Source information
---
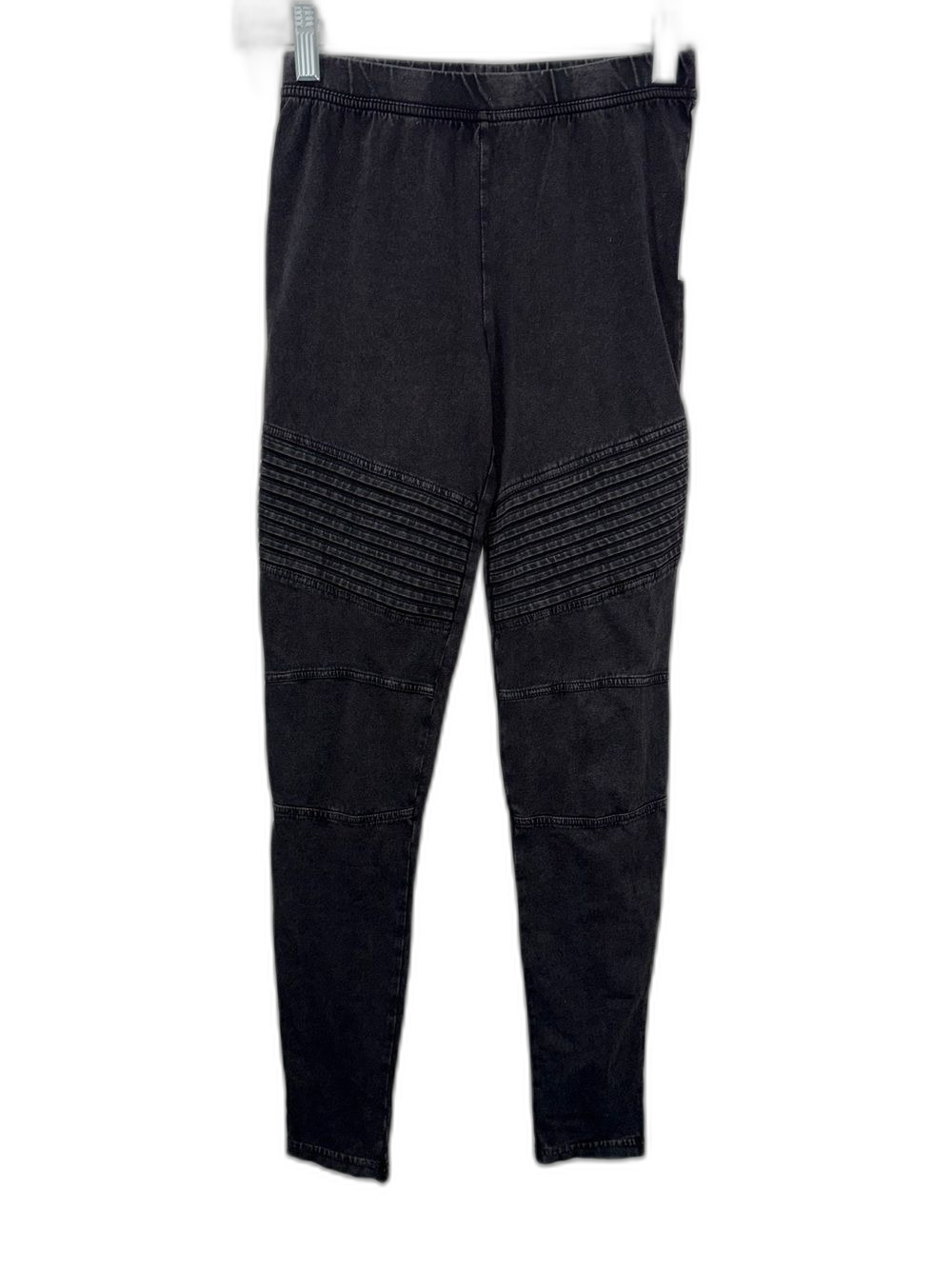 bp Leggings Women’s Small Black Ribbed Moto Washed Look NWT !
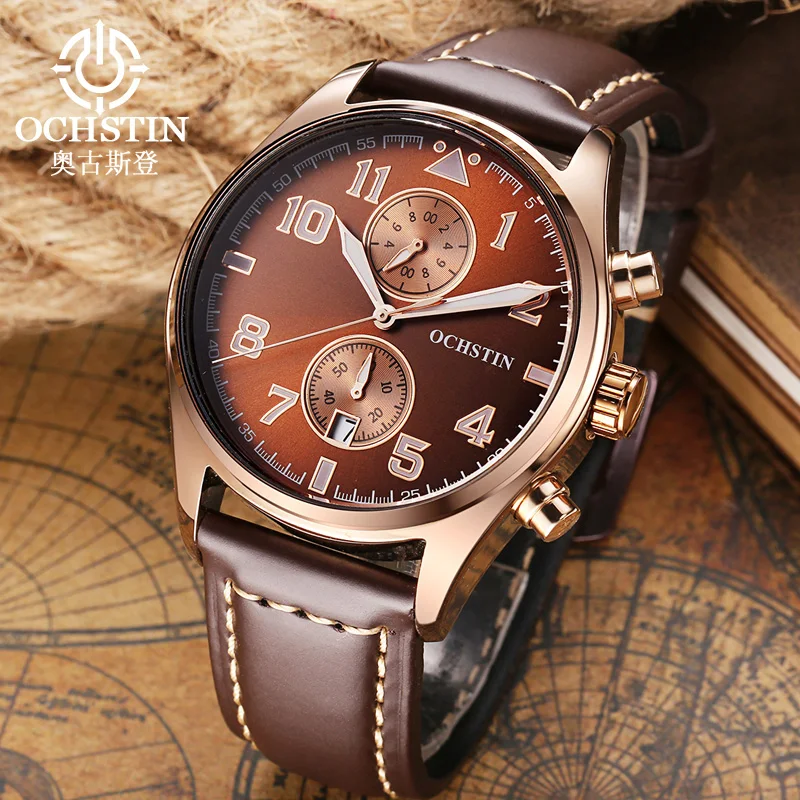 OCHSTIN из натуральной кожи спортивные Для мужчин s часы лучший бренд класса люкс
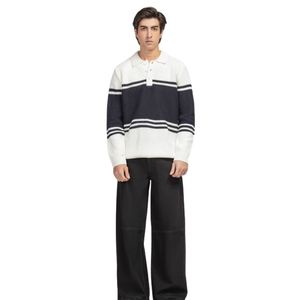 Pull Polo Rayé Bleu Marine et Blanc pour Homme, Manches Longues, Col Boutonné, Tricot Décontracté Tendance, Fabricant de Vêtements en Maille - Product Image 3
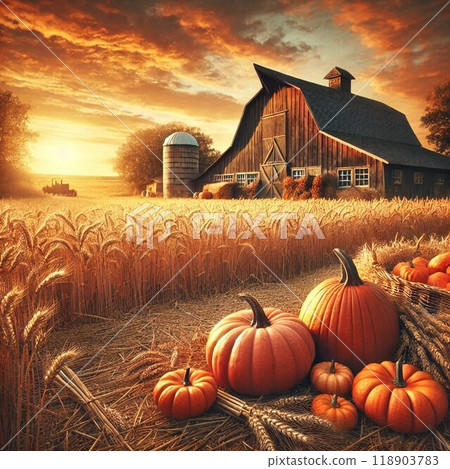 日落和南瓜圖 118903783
---
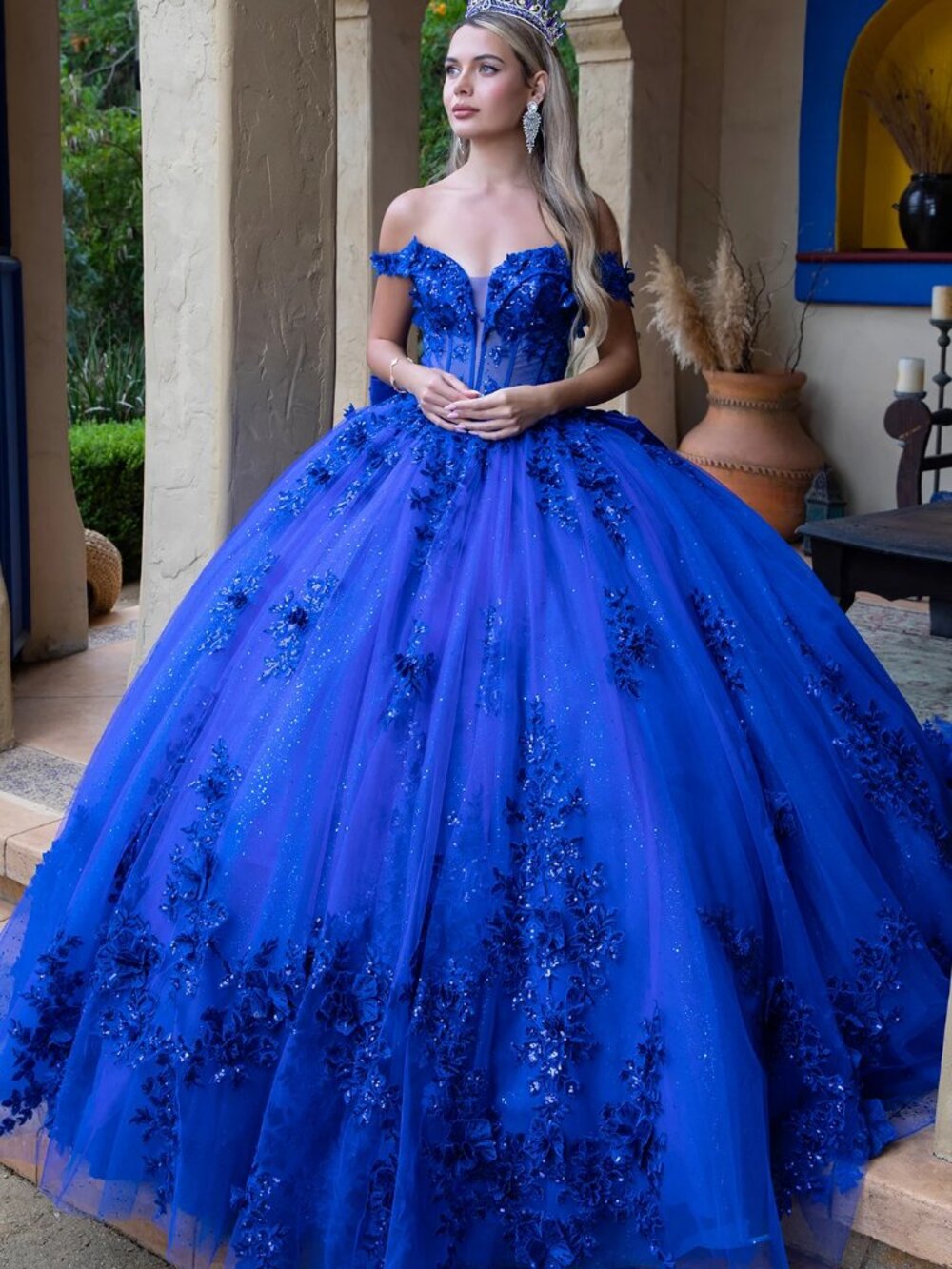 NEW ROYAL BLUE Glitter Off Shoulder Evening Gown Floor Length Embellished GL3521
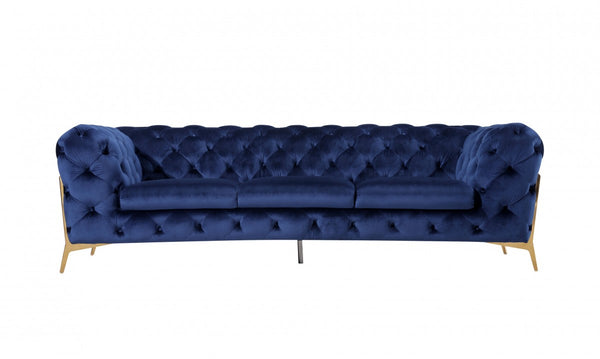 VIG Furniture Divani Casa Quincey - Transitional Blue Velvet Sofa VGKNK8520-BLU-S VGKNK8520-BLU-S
---
Work request
Output exactly, and only, the lines of the entries above from the one with "NEW ROYAL BLUE" up to and including the one with "VIG Furniture Divani"; pictures are to be left out.

Written answer
 NEW ROYAL BLUE Glitter Off Shoulder Evening Gown Floor Length Embellished GL3521
 VIG Furniture Divani Casa Quincey - Transitional Blue Velvet Sofa VGKNK8520-BLU-S VGKNK8520-BLU-S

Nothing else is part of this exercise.